“And our culture – without question – is so much poorer without the robust intellectual heritage of the former.”
Thanksgiving is the distinctive American holiday, born out of the triumph of faith over adversity, a day set aside to recall the blessings and bounty from God delivered to His faithful people.
President George Washington, a man who knew a thing or two about overcoming adversity and riding the Stallion of Faith to victory, issued the first Thanksgiving Day Proclamation for the new nation from New York City on October 14, 1789. It acknowledged how bereft of merit the people were, yet how grateful they must be of the Almighty’s blessings, for they received those things that they could not provide for themselves;
“[to] acknowledge the providence of Almighty God, to obey His will, to be grateful for His benefits, and humbly to implore His protection and favor.”
General then President George Washington, the greatest in an era of great men, took the counsel of God seriously and was well known for his study of Scripture and employing that knowledge liberally throughout his military and political career. (At his home in Mount Vernon, his prayer kneeler still sits next to his bed, where he kept a meticulous journal of his prayer life, reportedly spending up to two hours many evenings in prayer.) He understood, spoke, and wrote often about the Divine intersection of events that brought the new Republic into existence and what would ensure the continued blessings of liberty.
For decades, secularists and atheist apologists, constantly attacking and trying to strip religion and faith from every aspect of public life, have vapors every Thanksgiving, trying to pretend that the day was set aside as a generic celebration of sentimentality, begging the question, a Thanksgiving for what and to whom?
President Washington set the day of Thanksgiving in the bedrock, which cannot be removed, save the Republic ceases to exist. It wasn’t a day to honor hard work but hard praying. Not luck, but faith. Nor was it a day celebrating chance and circumstance, but instead rejoicing in the rich blessings of being the children of the Most High. One day, the first president proclaimed:
“[To] be devoted by the people of these States to the service of that great and glorious Being who is the beneficent author of all the good that was, that is, or that will be; that we may then all unite in rendering unto Him our sincere and humble thanks for His kind care and protection of the people of this country previous to their becoming a nation; for the signal and manifold mercies and the favor, able interpositions of His providence in the course and conclusion of the late war; for the great degree of tranquility, union, and plenty which we have since enjoyed; for the peaceable and rational manner in which we have been enabled to establish constitutions of government for our safety and happiness, and particularly the national one now lately instituted.”
Of course, the hero of the American Revolution understood and supported the adoption of the Bill of Rights, ratified in 1791, and President Washington was well versed in the high standard of the First Amendment:
“Congress shall make no law respecting an establishment of religion, or prohibiting the free exercise thereof.”
But nowhere does the Constitution say that the government can’t commend or promote the virtue of faith, only that it may not make it a mandatory component of citizenship.
But today’s radial deconstructionists consider the First Amendment an anti-establishment clause allowing them – and them alone – carte blanche to remove faith from the public square in any fashion whatsoever – down to crosses in veteran cemeteries – and they are hard at work to disassociate anything and everything outside the walls of the church from its spiritual moorings.
The Founders would be appalled at them and the rest of us for allowing them to do so.
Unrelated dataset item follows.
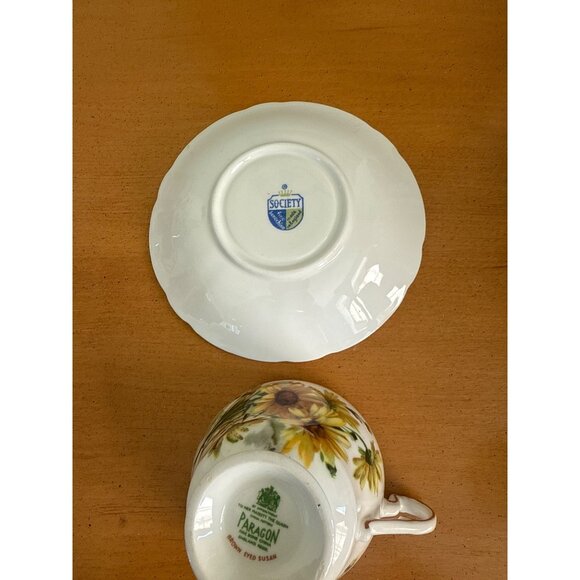 Paragon Bone China Tea Cup & Saucer Set With Sunflower Design Gold Trim Vintage - Picture 6 of 6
One wonders when the good people of this Republic, by the tens of millions, stand up in every venue imaginable and say, “Enough! Not an inch further, but rather a mile back.”
President Washington’s proclamation was bold and clear, calling on the nation to give thanks for “the civil and religious liberty with which we are blessed, and the means we have of acquiring and diffusing useful knowledge; and, in general, for all the great and various favors which He has been pleased to confer upon us.”
Today’s political, secular, and religious leaders have, up to now, refused to employ President Washington’s boldness and clarity. Today’s leaders have largely allowed a determined and small minority to redefine the character and historical purpose of faith in public life without meaningful protest.
Tragically, they haven’t even made the compelling case that civic virtue and civil and religious liberty are inseparable.
On President-elect Trump’s checklist, he ought to charge his Administration to serve the lawful and valuable role of promoting, where appropriate, with vigor and consistency, the historical role of civic faith in their duties and declarations.
This doesn’t mean that the expression of civil faith in the nation comports with, establishes, or defines individual faith. But one takes energy from the other. And our culture – without question – is so much poorer without the robust intellectual heritage of the former.